Currently, a person wishing to divorce their spouse or dissolve their civil partnership must prove that their marriage or civil partnership has irretrievably broken down. However, in order to demonstrate irretrievable breakdown, they must rely on one of five facts. Three of these facts are conduct-related and therefore inherently fault-based (unreasonable behaviour, adultery and desertion). The remaining two are based on periods of separation, two years separation with the consent of the other spouse, or five years separation if no consent is given.
Waiting for two years or five years, may cause practical or financial difficulties for separating couples, and feel long once they have reached the difficult conclusion that the marriage is over. It is little surprise then that many choose to base their petition for divorce on the fact of ‘unreasonable behaviour’, which does not share the same time constraints. It does, however, involve listing examples of behaviour which make it ‘intolerable’ to live with their spouse. This can be hurtful and divisive. From the outset, it sets an emotional tone which is not conducive to constructive negotiations regarding the family finances or arrangements for children.
As it stands, one of the married couple can contest or ‘defend’ the divorce petition. In practice, couples often agree to the wording in a divorce petition before it is filed at court and despite one party taking the notional ‘blame’, the reality is that the majority of cases are carried out by consent.
What’s changing?
Individuals wishing to divorce their spouse will still rely on the single ground for divorce – irretrievable breakdown of the marriage. However, they will not need to rely on any of the ‘facts’ of divorce, listed above.
In addition, couples can opt to apply jointly for divorce, reflecting the reality that the majority of couples agree that their marriage has broken down.
Even where there is a sole applicant, there will no longer be an avenue for the other spouse to defend the divorce.
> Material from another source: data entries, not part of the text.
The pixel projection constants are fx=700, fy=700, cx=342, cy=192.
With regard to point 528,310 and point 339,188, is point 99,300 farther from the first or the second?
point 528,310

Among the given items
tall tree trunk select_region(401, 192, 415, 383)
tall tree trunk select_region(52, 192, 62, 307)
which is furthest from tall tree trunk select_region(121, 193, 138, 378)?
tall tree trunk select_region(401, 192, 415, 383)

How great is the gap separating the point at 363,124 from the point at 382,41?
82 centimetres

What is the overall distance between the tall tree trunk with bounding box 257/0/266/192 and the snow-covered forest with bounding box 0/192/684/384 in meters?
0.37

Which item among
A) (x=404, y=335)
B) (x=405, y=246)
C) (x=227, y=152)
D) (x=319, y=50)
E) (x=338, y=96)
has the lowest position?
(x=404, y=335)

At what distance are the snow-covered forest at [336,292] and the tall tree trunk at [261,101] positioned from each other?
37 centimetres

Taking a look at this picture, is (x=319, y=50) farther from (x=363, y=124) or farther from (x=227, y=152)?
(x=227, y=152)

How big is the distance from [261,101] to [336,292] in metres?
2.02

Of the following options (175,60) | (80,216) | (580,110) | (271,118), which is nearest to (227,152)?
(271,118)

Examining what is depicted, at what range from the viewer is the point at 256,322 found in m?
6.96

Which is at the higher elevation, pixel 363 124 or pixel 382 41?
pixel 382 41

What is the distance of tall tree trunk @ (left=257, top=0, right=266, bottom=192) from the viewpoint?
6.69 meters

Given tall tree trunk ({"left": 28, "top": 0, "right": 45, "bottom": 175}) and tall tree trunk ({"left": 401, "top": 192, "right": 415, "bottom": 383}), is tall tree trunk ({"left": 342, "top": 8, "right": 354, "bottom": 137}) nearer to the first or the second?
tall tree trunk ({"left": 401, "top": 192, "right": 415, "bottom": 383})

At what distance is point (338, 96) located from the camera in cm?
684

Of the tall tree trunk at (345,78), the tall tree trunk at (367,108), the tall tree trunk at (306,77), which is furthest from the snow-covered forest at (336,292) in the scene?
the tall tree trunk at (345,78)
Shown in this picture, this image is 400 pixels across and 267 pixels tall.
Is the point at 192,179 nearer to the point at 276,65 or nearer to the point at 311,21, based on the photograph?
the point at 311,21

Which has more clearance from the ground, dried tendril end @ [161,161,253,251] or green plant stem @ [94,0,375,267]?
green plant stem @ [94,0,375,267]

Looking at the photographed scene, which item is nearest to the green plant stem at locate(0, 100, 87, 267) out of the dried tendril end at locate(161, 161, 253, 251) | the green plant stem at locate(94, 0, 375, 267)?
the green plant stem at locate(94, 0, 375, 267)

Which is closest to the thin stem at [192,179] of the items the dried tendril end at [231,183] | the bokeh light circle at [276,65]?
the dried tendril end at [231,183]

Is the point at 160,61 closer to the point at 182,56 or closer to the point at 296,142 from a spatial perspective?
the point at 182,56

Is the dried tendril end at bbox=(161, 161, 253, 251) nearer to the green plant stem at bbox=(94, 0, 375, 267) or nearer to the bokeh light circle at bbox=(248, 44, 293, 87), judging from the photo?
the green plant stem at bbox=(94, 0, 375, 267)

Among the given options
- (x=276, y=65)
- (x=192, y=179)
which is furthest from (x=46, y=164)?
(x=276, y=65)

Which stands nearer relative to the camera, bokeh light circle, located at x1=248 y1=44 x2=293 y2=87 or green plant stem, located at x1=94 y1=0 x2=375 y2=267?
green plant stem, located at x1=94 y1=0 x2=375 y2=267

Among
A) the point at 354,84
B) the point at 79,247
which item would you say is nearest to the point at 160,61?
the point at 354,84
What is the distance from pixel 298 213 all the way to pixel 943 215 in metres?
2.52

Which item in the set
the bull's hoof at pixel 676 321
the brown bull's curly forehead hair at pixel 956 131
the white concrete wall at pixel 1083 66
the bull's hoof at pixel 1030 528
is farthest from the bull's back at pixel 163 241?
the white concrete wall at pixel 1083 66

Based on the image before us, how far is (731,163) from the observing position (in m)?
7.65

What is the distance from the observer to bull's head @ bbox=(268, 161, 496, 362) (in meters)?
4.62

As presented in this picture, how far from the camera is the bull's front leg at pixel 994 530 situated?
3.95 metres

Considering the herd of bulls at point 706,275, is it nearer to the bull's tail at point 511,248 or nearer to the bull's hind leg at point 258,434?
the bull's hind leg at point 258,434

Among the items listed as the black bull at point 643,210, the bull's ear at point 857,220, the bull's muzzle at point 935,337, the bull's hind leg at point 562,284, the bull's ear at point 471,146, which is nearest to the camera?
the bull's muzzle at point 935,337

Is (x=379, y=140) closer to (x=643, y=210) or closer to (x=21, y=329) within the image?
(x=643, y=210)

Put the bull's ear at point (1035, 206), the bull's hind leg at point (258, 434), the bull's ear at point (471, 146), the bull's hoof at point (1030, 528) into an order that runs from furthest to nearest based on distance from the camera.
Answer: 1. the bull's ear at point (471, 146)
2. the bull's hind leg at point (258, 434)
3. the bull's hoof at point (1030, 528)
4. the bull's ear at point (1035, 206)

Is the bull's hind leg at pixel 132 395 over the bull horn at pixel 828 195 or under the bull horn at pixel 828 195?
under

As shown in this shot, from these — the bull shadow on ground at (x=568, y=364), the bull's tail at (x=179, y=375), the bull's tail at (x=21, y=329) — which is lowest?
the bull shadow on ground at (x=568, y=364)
Perhaps less positively, the new law brings with it different time constraints. Following the new Act’s implementation, there will be a mandatory 20-week period between filing the divorce application and obtaining the conditional order (the first stage of the divorce previously called the decree nisi). After that, the final divorce order (previously called the decree absolute) cannot be applied for until at least six weeks from the date of the conditional order. This means that there is a minimum 26 week period (or six months) before a divorce can be finalised.
The 26 week period has I been introduced to ‘encourage couples to reflect on their marriage’, no doubt, with the hope of possible reconciliation. This part of the Act has been criticised for underestimating the long and difficult deliberations spouses often face before arriving at a decision to divorce.
For those who are forced to petition based on unreasonable behaviour it is helpful to remember that this element of blame is largely symbolic and won’t affect the outcome of financial or children proceedings in most cases. Generally, the other spouse simply ‘denies’ the allegations of unreasonable behaviour but allows the divorce to proceed undefended. For those that fear their spouse will try to obstruct the divorce as much as possible waiting for the new system may seem worth it to bypass the inevitable stress and potential legal costs their spouse will cause. This approach, of course, has to be weighed against the difficulties of remaining emotionally and financially tied to that person for the foreseeable future.
Concluding that your marriage is over is naturally an emotionally challenging and stressful time, bringing with it a host of complicated practical issues, such as the division of family finances and sorting out child arrangements. The new no-fault based law is an acknowledgement that the process of divorce itself need not add to these challenges. Spouses should be able to take that first step to a new chapter when they are ready to do so, without having to rely on a tired and often artificial system of proving that their marriage has broken down.